▶ Working data
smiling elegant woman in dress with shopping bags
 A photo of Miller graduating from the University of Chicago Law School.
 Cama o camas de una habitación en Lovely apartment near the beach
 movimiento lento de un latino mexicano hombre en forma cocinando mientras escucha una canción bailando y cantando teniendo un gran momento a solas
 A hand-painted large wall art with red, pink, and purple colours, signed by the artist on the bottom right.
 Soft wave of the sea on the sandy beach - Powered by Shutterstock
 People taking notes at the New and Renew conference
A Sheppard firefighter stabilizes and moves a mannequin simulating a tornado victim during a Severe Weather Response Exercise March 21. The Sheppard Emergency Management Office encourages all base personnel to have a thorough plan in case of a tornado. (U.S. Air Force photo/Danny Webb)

▶ Task requirements
Nothing should be left out: repeat all of the data exactly.

▶ Task output
smiling elegant woman in dress with shopping bags
 A photo of Miller graduating from the University of Chicago Law School.
 Cama o camas de una habitación en Lovely apartment near the beach
 movimiento lento de un latino mexicano hombre en forma cocinando mientras escucha una canción bailando y cantando teniendo un gran momento a solas
 A hand-painted large wall art with red, pink, and purple colours, signed by the artist on the bottom right.
 Soft wave of the sea on the sandy beach - Powered by Shutterstock
 People taking notes at the New and Renew conference
A Sheppard firefighter stabilizes and moves a mannequin simulating a tornado victim during a Severe Weather Response Exercise March 21. The Sheppard Emergency Management Office encourages all base personnel to have a thorough plan in case of a tornado. (U.S. Air Force photo/Danny Webb)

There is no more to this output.